Terence John Nicholl (born 16 September 1952) is an English former association football player and manager. A midfielder, he played professionally in both England and the United States. He later managed several indoor teams in the United States where he was the 1987 and 1988 American Indoor Soccer Association Coach of the Year.

==Playing career==
Nicholl's clubs included Crewe Alexandra, Sheffield United and Gillingham, where he made over 180 Football League appearances. In 1981, he moved to the USA where he signed with the Wichita Wings of the Major Indoor Soccer League. He remained with the Wings until his retirement from playing following an injury-marred 1985–86 season.

==Coaching career==
Nicholl then turned to coaching in America, as an assistant with indoor side Memphis Storm of the American Indoor Soccer Association. On 8 December 1986, the Storm fired head coach Gary Hindley and elevated Nicholl to head coach. He was named the 1987 and 1988 AISA Coach Of The Year. He won this award although he left the Storm just prior to the playoffs and moved to coach the Wichita Wings on 2 February 1988. After the Wings began the 1990–91 season with a string of losses, the team ownership began mentioning the possibility of Nicholl's being fired. However, they reconsidered as the team began an upswing in December and January before again sliding down the table. On 5 February 1991, the Wings fired Nicholl with the team at 13–20.

Nicholl, who has a degree in mechanical engineering, then went to work for Metalex, an aerospace firm in Cincinnati, Ohio. While this led to a tripling of his salary, he nearly accepted an offer to manage former club Gillingham in May 1991. He instead chose to remain as a sales representative for Metalex until July 1992 when he returned to coaching with the Dayton Dynamo of the National Professional Soccer League. He lasted until 24 January 1995.

On 11 August 2003, the Cincinnati Excite of the American Indoor Soccer League hired Nicholl. He was fired on 14 June 2008. He then moved to coach the Cincinnati United Premier of the Super Y-League, a position he holds today.

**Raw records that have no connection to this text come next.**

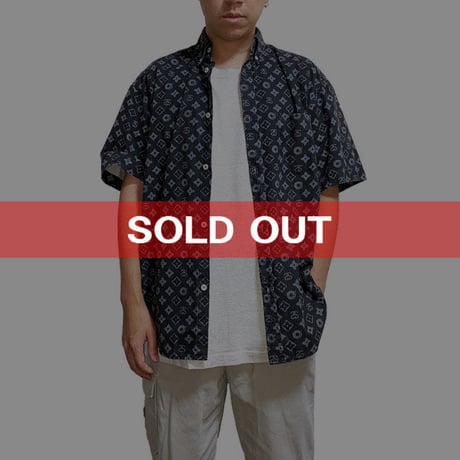 【USED】90’S STUSSY MONOGRAM S/S B.D SHIRT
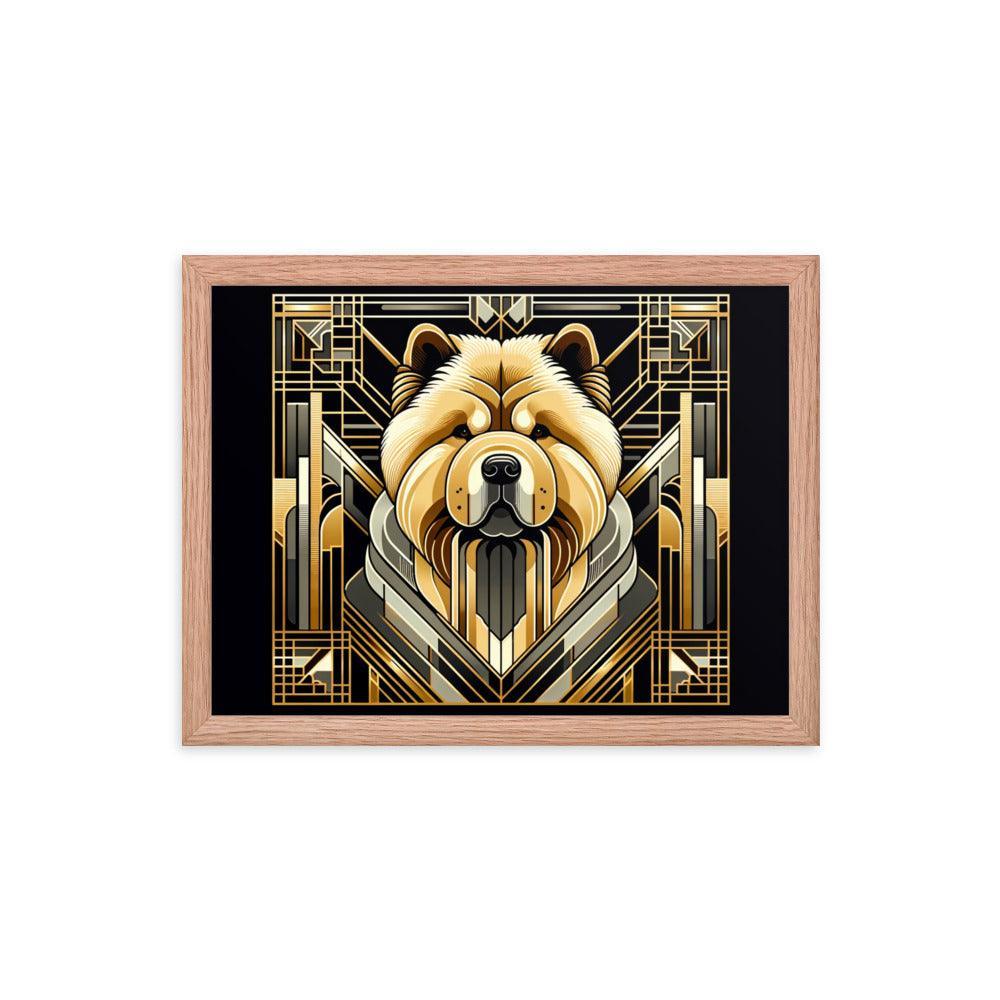 Chow Chow Geometric Shapes and Metallic Palette Framed Poster - Oh Posters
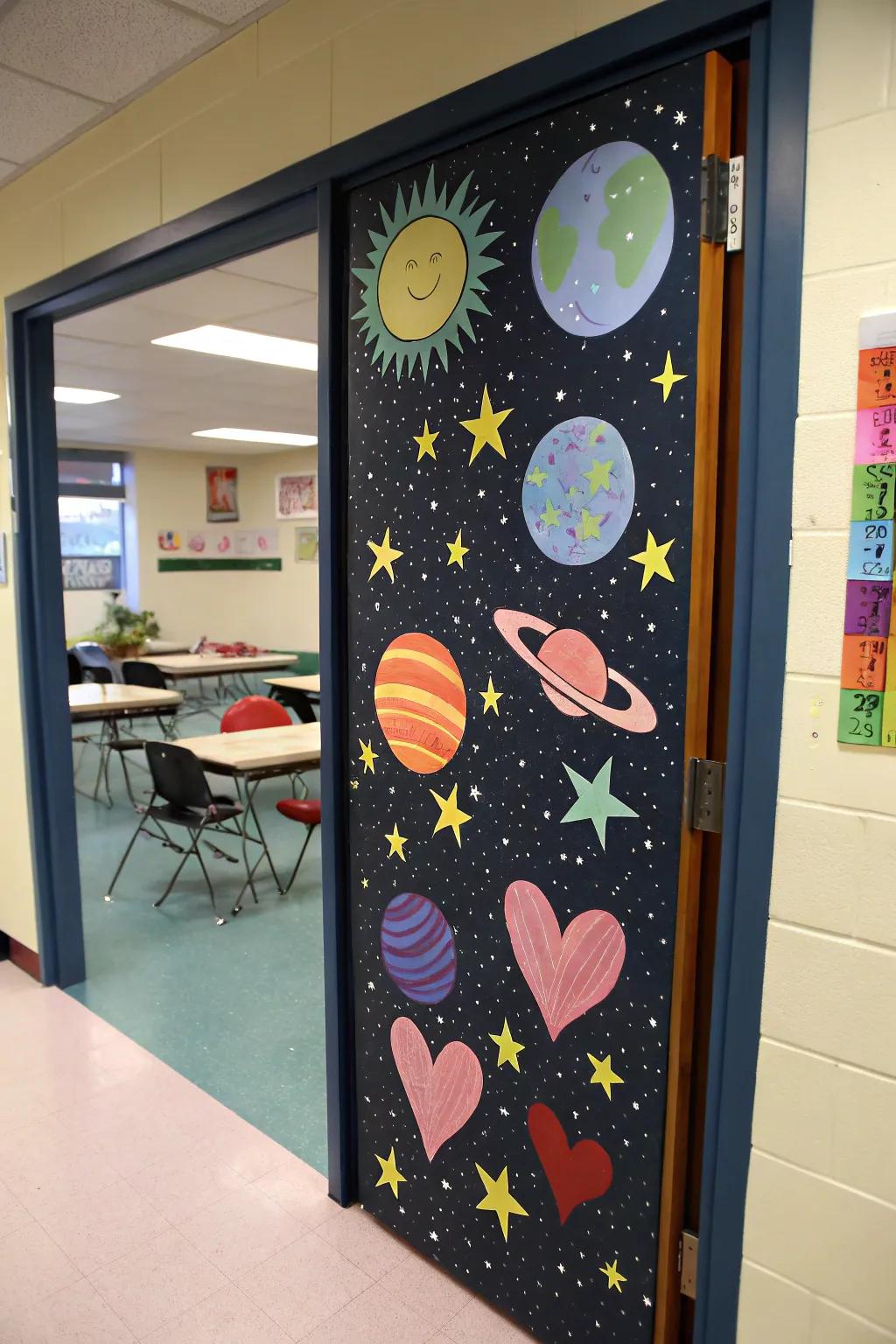 A cosmic-themed classroom entrance with orbs, constellations, and heart motifs.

In 1992, Nicholl became head coach of the varsity boys' soccer team at Seven Hills School in Cincinnati, known as the Stingers. In the 2009 season, he led the Stingers to the state semifinals and they finished with a 19–2–1 record. In 2013, Terry led Seven Hills to a regional semifinal and finished the season 13–3–4. Nicholl was named Miami Valley Conference coach of the year for 2014. He left Seven Hills after the 2014 season.

==Personal life==
His brother Chris Nicholl and cousin Jimmy Nicholl were both also professional footballers.